NEW YORK — U.S. stocks fell today, ending the longest winning streak for the Dow Jones industrial average in nearly 17 years.
The Dow Jones industrial average dropped 25.03 points, or 0.2 percent, to 14,514.11. The Standard & Poor's 500 index fell 2.53, or 0.2 percent, to 1,560.70. The Nasdaq composite index dropped 9.86, or 0.3 percent, to 3,249.07.
The S&P 500 closed just five points below its all-time closing high of 1,565, reached in October 2007. On Thursday, the Dow closed out a 10-day winning streak, its longest since November 1996.
The string of wins pushed the Dow up 484.65 points, or 3.4 percent, to a Thursday close of 14,539.14. The index's closing price on Feb. 28, just before the rally began, was 14,054.49.
Trading Friday was tentative because investors fear that rising inflation will cause the Federal Reserve to retreat from policies aimed at boosting markets. The government said that consumer prices increased in February at the fastest pace in more than three years.
The increase was driven by a spike in gas prices; the core index, which excludes the volatile energy and food categories, increased more modestly. But both figures rose 2 percent compared with a year earlier, enough to get investors' attention, said Peter Tchir, who runs the hedge fund TF Market Advisors.
"It's real and it's a drag, and I think people are growing concerned that it can get out of control quickly," Tchir said. He said signs of economic improvement and inflation "make them wonder if there will be continued market pressure on the Fed" to end its bond-buying programs.
The market's recent rally to multiyear highs was fueled in part by the Fed's efforts to keep interest rates low and encourage investment.
The Dow's long rally matched a 10-day winning streak that ended on Nov. 15, 1996. To find a longer uninterrupted series of gains, you would have to go back to Jan. 3, 1992, when the Dow rose for 11 consecutive days.
The index's longest winning streak was 14 days, ending June 14, 1897.

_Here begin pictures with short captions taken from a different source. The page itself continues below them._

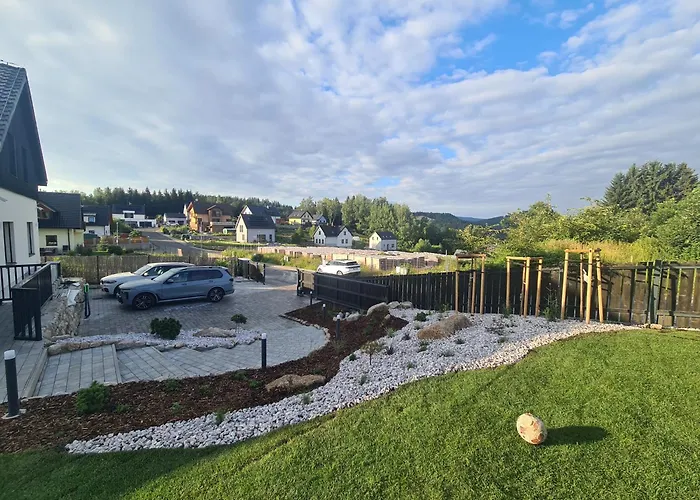 Smrzovka - Luxury House With Swimming Pool, Jacuzzi, Garden And Bbq Villa Jablonec nad Nisou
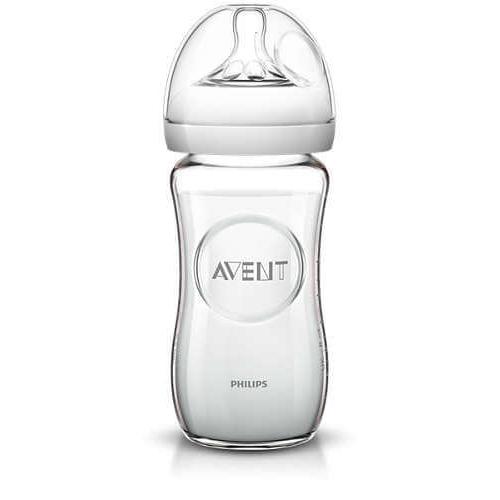 Philips Avent SCF673/17 240 ml Natural Cam Biberon Tekli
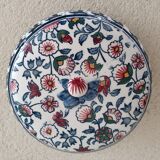 Gien earthenware bonbonnière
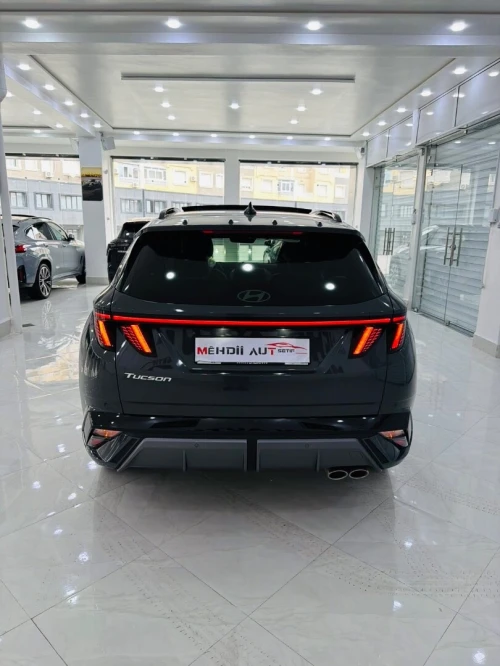 Hyundai Tucson 2025 N Line
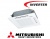 Блок кассетный Mitsubishi Heavy FDTC35VF inverter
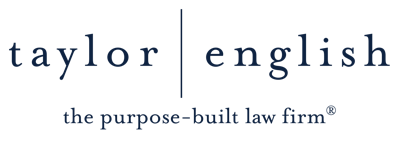 Taylor English (NEW) Logo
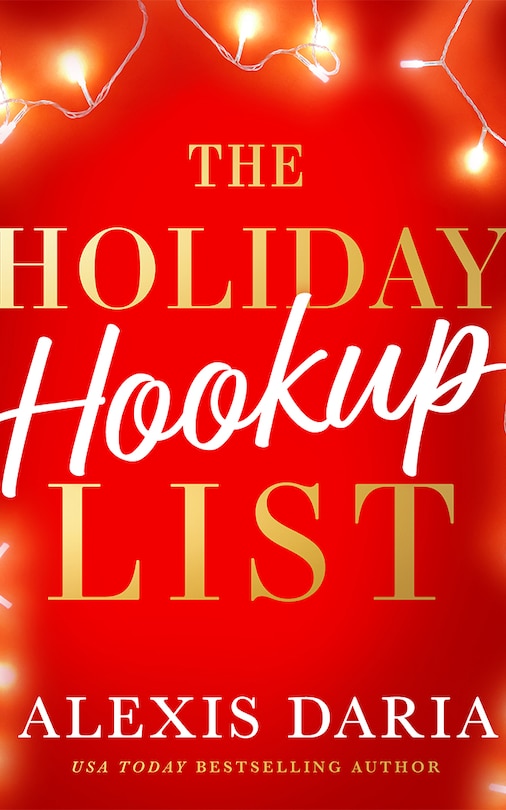 Front cover_The Holiday Hookup List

Stocks opened lower and extended their losses at 10 a.m. after a closely-watched index of consumer sentiment fell to its lowest level since the end of 2011. The University of Michigan's preliminary consumer sentiment index dropped 5.8 points to 71.8, according JPMorgan analyst Daniel Silver said in a note to clients.

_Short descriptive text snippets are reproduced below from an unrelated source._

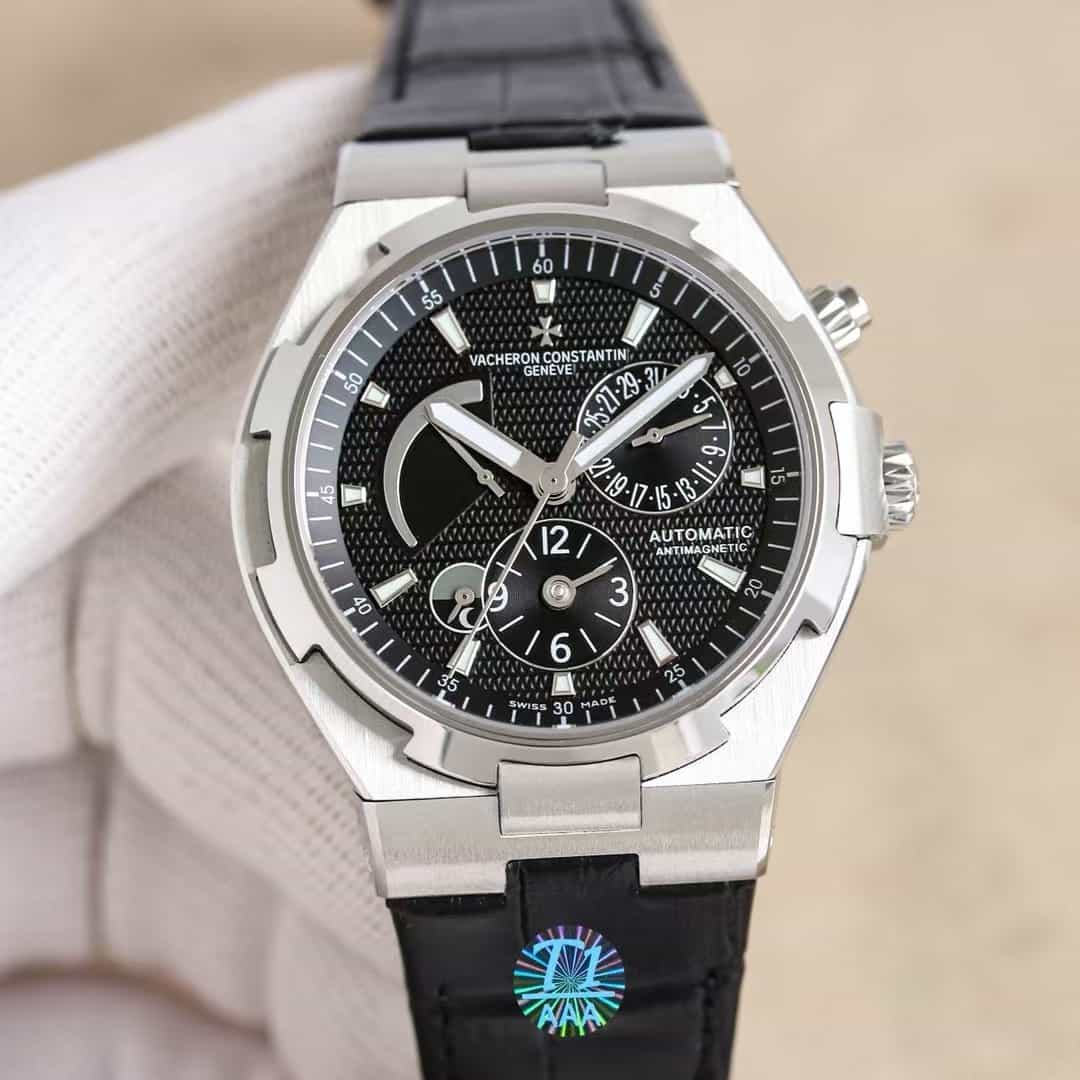 Overseas Dual Time 47450/B01A-9226 42mm - Men Watch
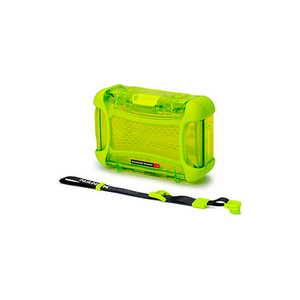 NANUK 330 SERIES NANO CASE 7.4X5.1X2.6 LIME by Plasticase Inc.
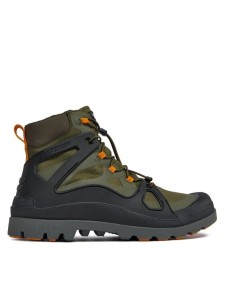 Palladium Trapery Pampa Lite+ Cage Wp+ 08845-325-M Khaki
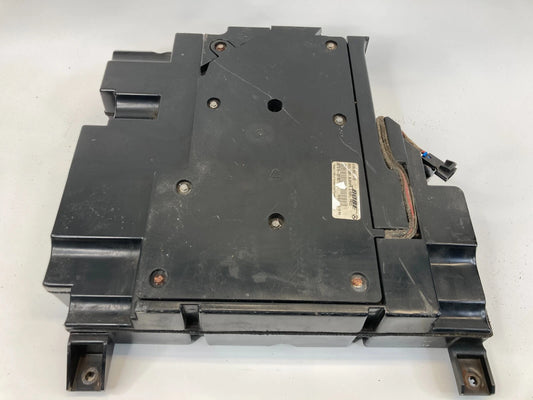 2002 2003 MERCEDES BENZ ML320 SUBWOOFER AUDIO SOUND SYSTEM SPEAKER 163-820-10-02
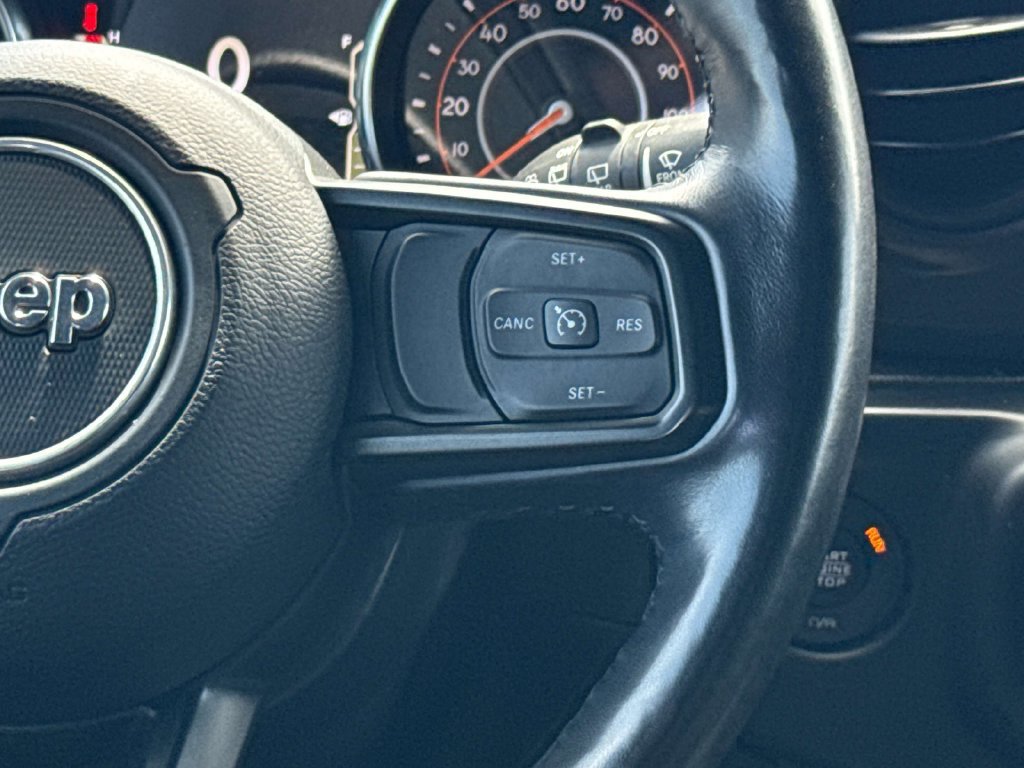 Used 2021 Jeep Wrangler Unlimited Sport AWD/4WD image 21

Stocks reversed the losses briefly at midday, then drifted back down in the afternoon.
Traders are processing big banks' scores on "stress tests" administered by the Fed. The Fed said late Thursday that JPMorgan Chase and Goldman Sachs both need better plans to cope with a severe recession. It gave them until September to revise their plans.
Still, the Fed allowed both banks to increase their dividends and buy back their stock, signaling that regulators believe the banks are fundamentally sound.
The stock of JPMorgan fell 98 cents, or 1.9 percent, to $50.02. Goldman's stock rose 82 cents, or 0.5 percent, to $154.84.
The yield on the 10-year Treasury note fell to 1.99 percent from 2.06 percent early Thursday, as demand increased for ultra-safe investments.